Friday, June 29, 2007

Chained 'from', 'accumulate' and 'collect'

In Drools 4.0 we introduced the 'from' keyword, this allows you to declare a source for a pattern to reason over. This allows the engine to reason over data not in the Working Memory. This could be a sub-field on a bound variable or the results of a method call; the later provides us with hibernate integration where named queries can be called and Drools will unify the pattern against the returned results. Please excuse the lack of indentation, I can't figure out how to get Blogspot to preserve the white spacing and didn't have to time put all the in by hand :(

Here is a simple example of reasoning and binding on sub-field:

Person( personAddress : address )
address : Address( zc : zipcode == "23920W") from personAddress

With all the flexibility from the new expressiveness in the Drools engine you can slice and dice this problem many ways. This is the same but shows how you can use a graph notation with the 'from':

p : Person( )
address : Address( zc : zipcode == "23920W") from p.address

Of course we can also do this our new flexible expressive language extensions:

Person( zc : address.zipCode == "2392OW")

The next example shows how we can reason over the results of a hibernate query, the Restaurant pattern will reason over and bind with each result in turn.

p : Person( )
Restaurant( food == p.favouriteFood )
from hs.getNamedQuery( "list restaurants by postcode" )
.setProperties( [ "postcode" : p.address.zipcode ] )
.list()

'collect' and 'accumulate' both result in a returned object, as such a pattern can specify either of those as its 'from' source. 'collect' allows cardinality reasoning (when there are more than 7 red buses) and returns a List object. 'accumulate' allows you to execute actions on each item of data in a set of data, matching a given pattern and execute a result action to return an object of the users choice - typically used to sum or total data, but of course can do a lot more complex work.

This example chains two 'from's together.

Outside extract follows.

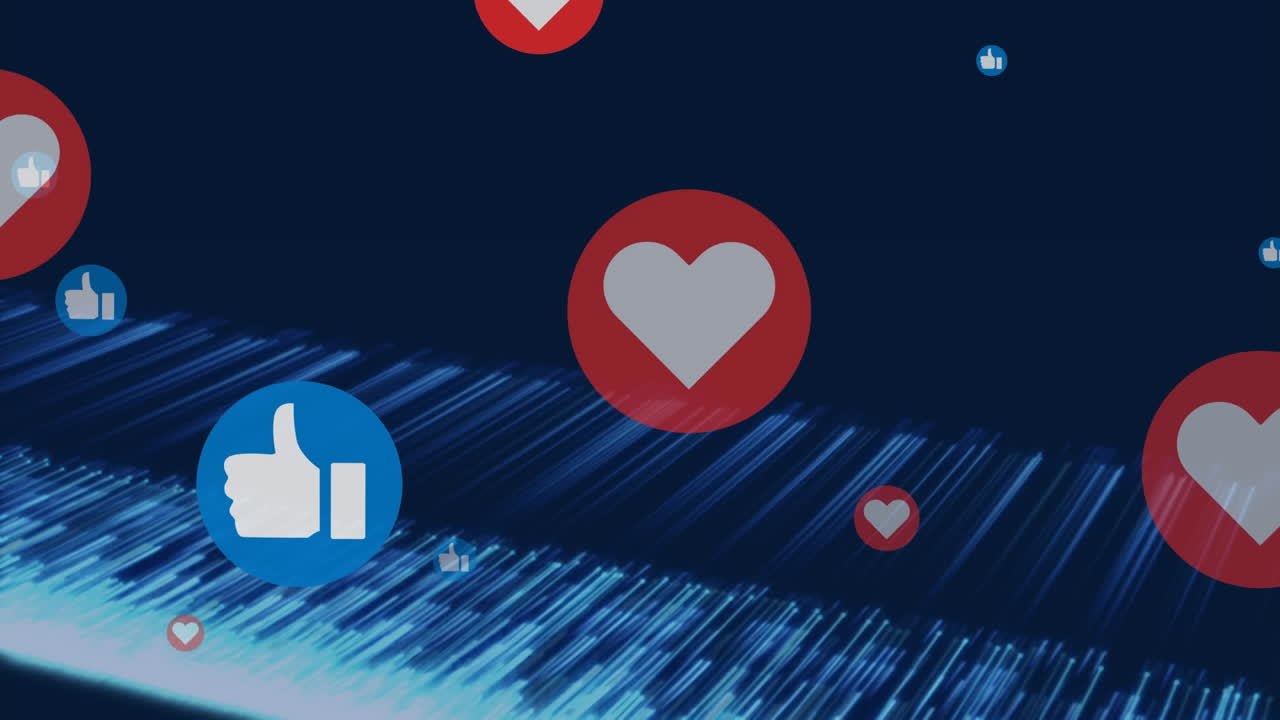 검은색 배경에 빛의 흔적 위에 소셜 미디어 아이콘의 애니메이션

It finds customers who have bought items all of which are priced over 10, where the items are a field and not asserted into the working memory:

c : Customer()
items : List( size == c.items.size )
from collect
( Item( price > 10 ) from c.items )

If the items where not a field, but instead asserted into the working memory, we could use a correlated 'collect' pattern:

p : Person()
list : List()
from collect( Item( owner : p ) )
items : List(size == list.size)
from collect( Item( price > 10 ) from list )

Here is how to achieve the same using 'accumulate' and its built in function 'count'; although this doesn't illustrate chained 'from', I added it for completeness:

p : Person()
count : Number()
from accumulate( i : Item( owner == p ), count( i ) )
list : List( size == count )
from collect( Item( owner == p, price > 10 ) )

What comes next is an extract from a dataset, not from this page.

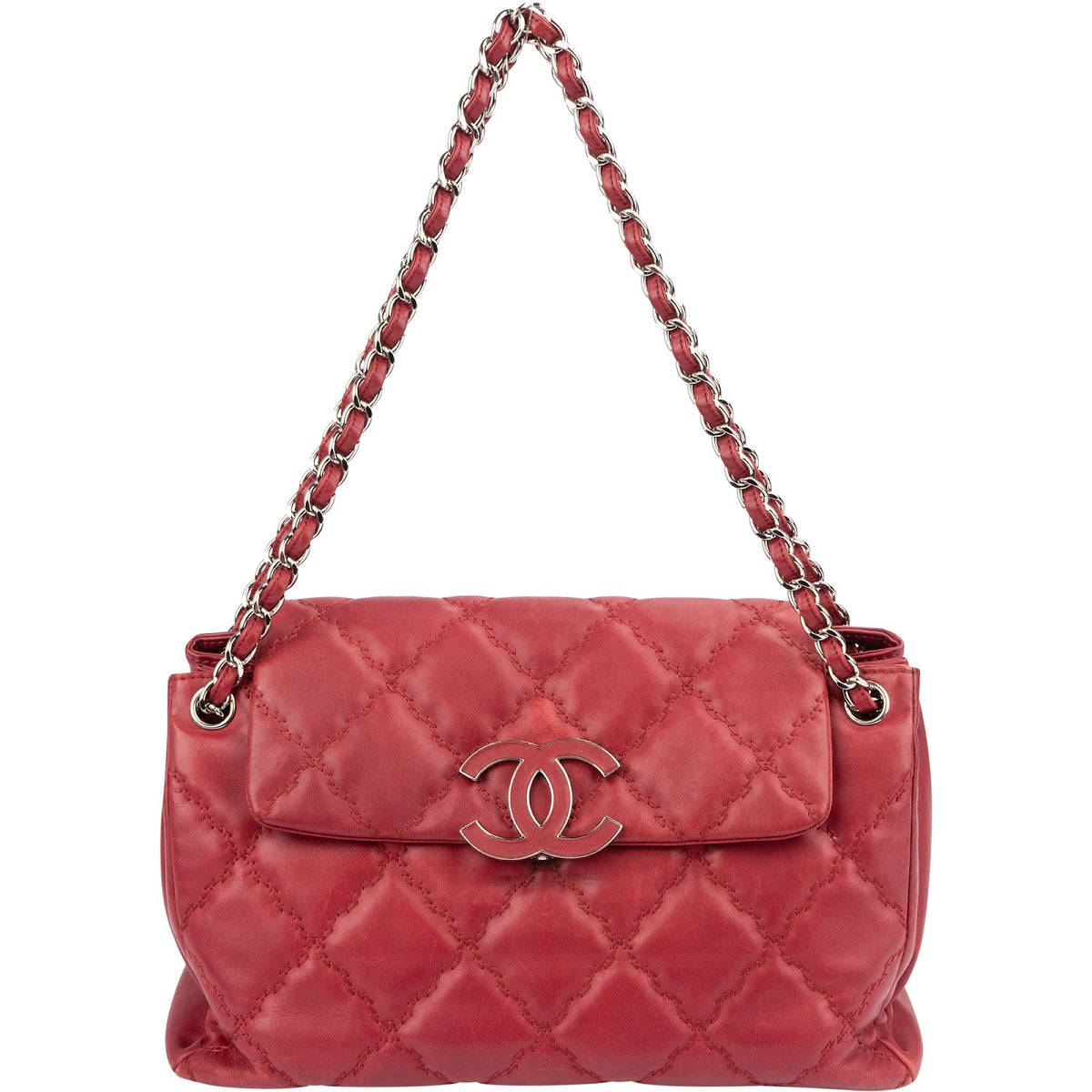Chanel Quilted Lambskin Diamond Stitch Hampton Flap Jumbo Flap Crossbody Bag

For a more complex, and thus contrite but illustrative, example of chained 'from' we can look at the following example. For each store where the Person has an account we retrieve all the Items for that store and check if those items have an average price over 50

p : Person()
s : Store( accountOwner == p )
a : Number( intValue > 50 )
from accumulate( item : Item( )
from collect( Item( store == s )
from hs.getNamedQuery( "get user items in store" )
.setProperties( [ "store" : s.name, "owner" : p.name ] )
.list() ),
average( item.price ) )

So for all those that say Rete can't handle collections and nested or out of working memory data very well, I hope this shuts you up :)

NB. We would like to thank Jess for pushing the 'accumulate' CE, which is what ours is based on with the addition of accumulate functions. Likewise ILog JRules for the 'collect' CE, which is a specialised version of 'accumulate'.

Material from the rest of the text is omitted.